I'm Conor Patrick. Former {FTC OTRI, JHUAPL} intern. I support open source development. I do research for Secure Embedded Systems at Virginia Tech. You can follow me on Twitter.

Pearson Educations client side method for checking homework answers

28 May 2016

Exploitable Method

By exploitable, I don’t mean in the traditional security sense. I mean exploitable by lazy undergraduate students.

Pearson Education runs a large set of web applications that colleges use to automate their tedious ABET required courses. I was stuck in one my senior year and noticed that they check homework answers client side.

Pearsons physics web application (Mastering Physics) used to be “exploited” via a small bit of JavaScript that would expose the homework answers loaded client side. It has long been fixed. As I’ll show you in this post, homework answers are still checked client side. They just obfuscated it further.

Disclaimer: I don’t like cheating. I’m not providing a means for others to cheat.

Obfuscated client side checking

For the class I was in, the homework was run in a bloated Flash application.

I considered looking at how the applet worked using a decompiler or debugger but quickly realized how big of a pain it would have been as the applet is over 1 MB. Instead, I looked at other files the applet uses.

If you open Chrome’s network tab in the development tools, you can see all of the resources that the flash applet loads. Looking at the other resources downloaded, one file called “I0604041.Ipx” stood out. It can be downloaded without any authentication, so feel free to follow along:

curl -o hw.ipx 'https://www.mathxl.com/books/sullee16/Ipx/c6/I0604041.Ipx'

After a quick inspection, one can see that it is just a zip file. Let’s see what’s inside.

unzip hw.ipx

Unzipping reveals two XML files: _manifest.xml and 14037884_006!Sullivan15e.6.4.5.tdxex. At this point a lazy student would be hoping to find the answered enumerated in one of the files. But it’s not that simple.

_manifext.xml just contains some irrelevant metadata. The other file is quite large (~1420 lines of XML) and details the layout and problems for the homework. No where in it are the “answers”.

Let’s look closer and try to figure out how it’s used the by the Flash applet. Here is a snippet from the large XML file:

<text>The PW of the difference between the old and new systems is $</text>
<control br="0" vshiftabs="1" spacing="1" textstyle="Normal" data="">S1</control>

It is a homework problem that asks for the PW of the difference between two systems. It would normally be displayed in the Flash applet. After the “$” is a spot for the student to enter an answer. But in the XML we see a “control” tag instead that wraps a value called S1.
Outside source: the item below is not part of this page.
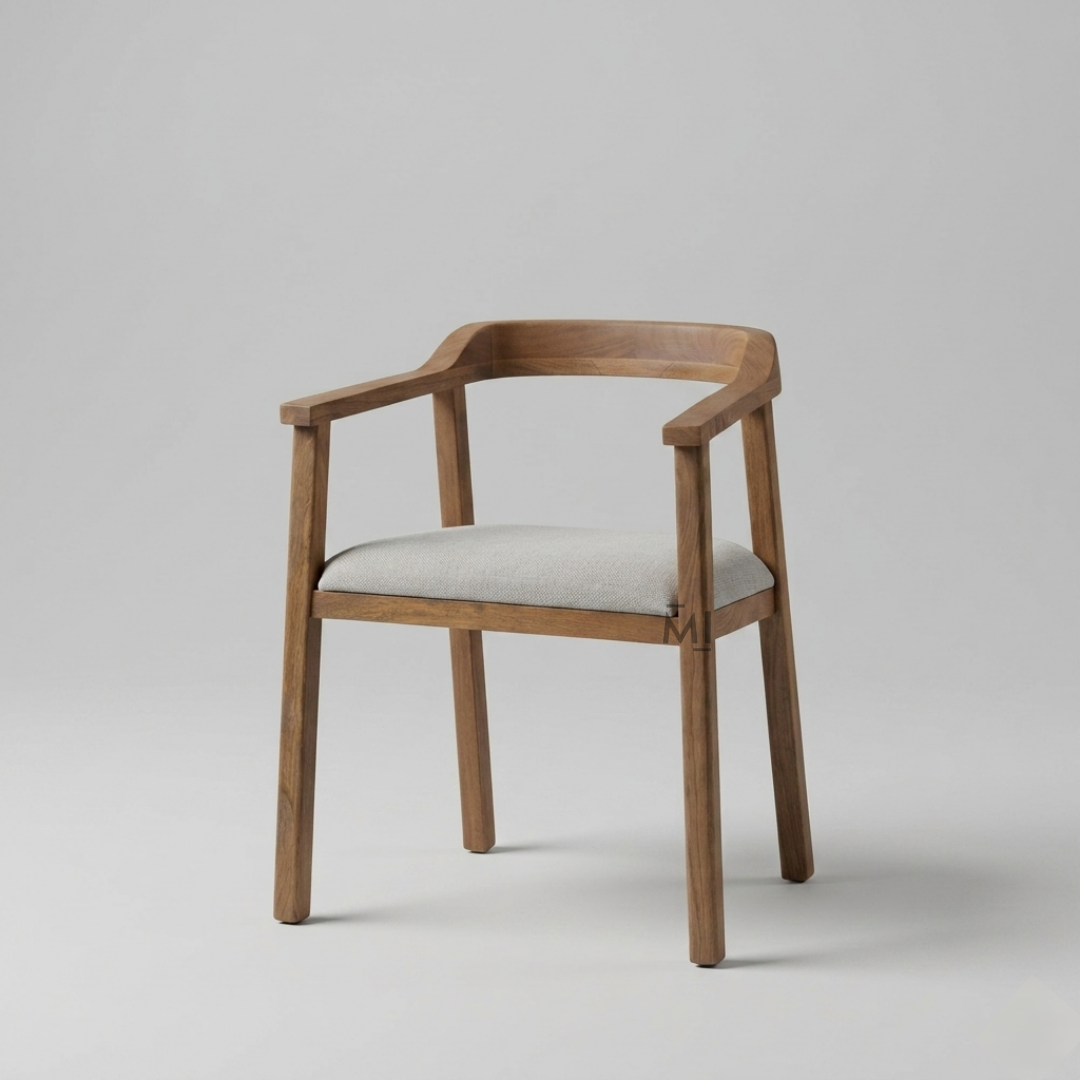 Orvane Solid Wood Dining Set with Curved Arm Chairs & Bench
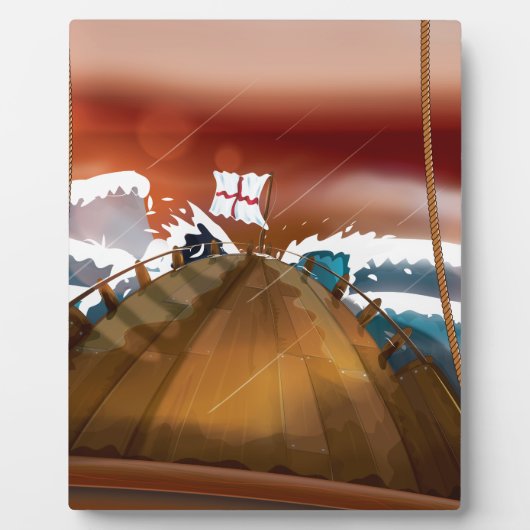 Segel-Schiff Ocean Storm Fotoplatte (Vorderseite)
If we search the XML for other references to S1, we see something that looks like a definition:

<field name="S1" format="" tol="5" acceptunformattedvalues="1" rule="numeric">

Here S1 gets defined as ~dpw. Okay. Let’s continue down the rabbit hole and see if we can find a definition for ~dpw.

<var name="dpw" type="int" format=",">

It looks like the definition for dpw is a non-trivial equation that contains references to other variables like dcost, dlc, and p. But the equation looks suspiciously like the work needed to be done to honestly solve the problem about “PW system differences”.

At this point I made a pretty confident hypothesis of how the flash application works. It reads this XML file to generate the markup for all the homework problems. It then recursively follows this definition tree to figure out what the answers are. It also is calculating the answers on the fly, meaning no free lunch for the lazy student. After solving the homework problem the honest way, I manually solved the tree of definitions and found the correct answer, which confirmed my hypothesis.

Assuming that most of Pearsons online classes use the same functionality, Pearson is clearly checking homework answers client side, which can always be exploited.

For this case, it would require someone to go through more work recursing through an XML file than it would be to just do the homework. Alternatively, someone could write a program to automate it - but who knows how much work that would be, as it would be equivalent to rewriting Pearsons Flash applet.

Should Pearson change anything?

Of course, this can be solved by server side checking. But I feel it’s not really necessary. The Flash applet is hard enough for the average student to cheat. And in the end, cheating students only cheat themselves.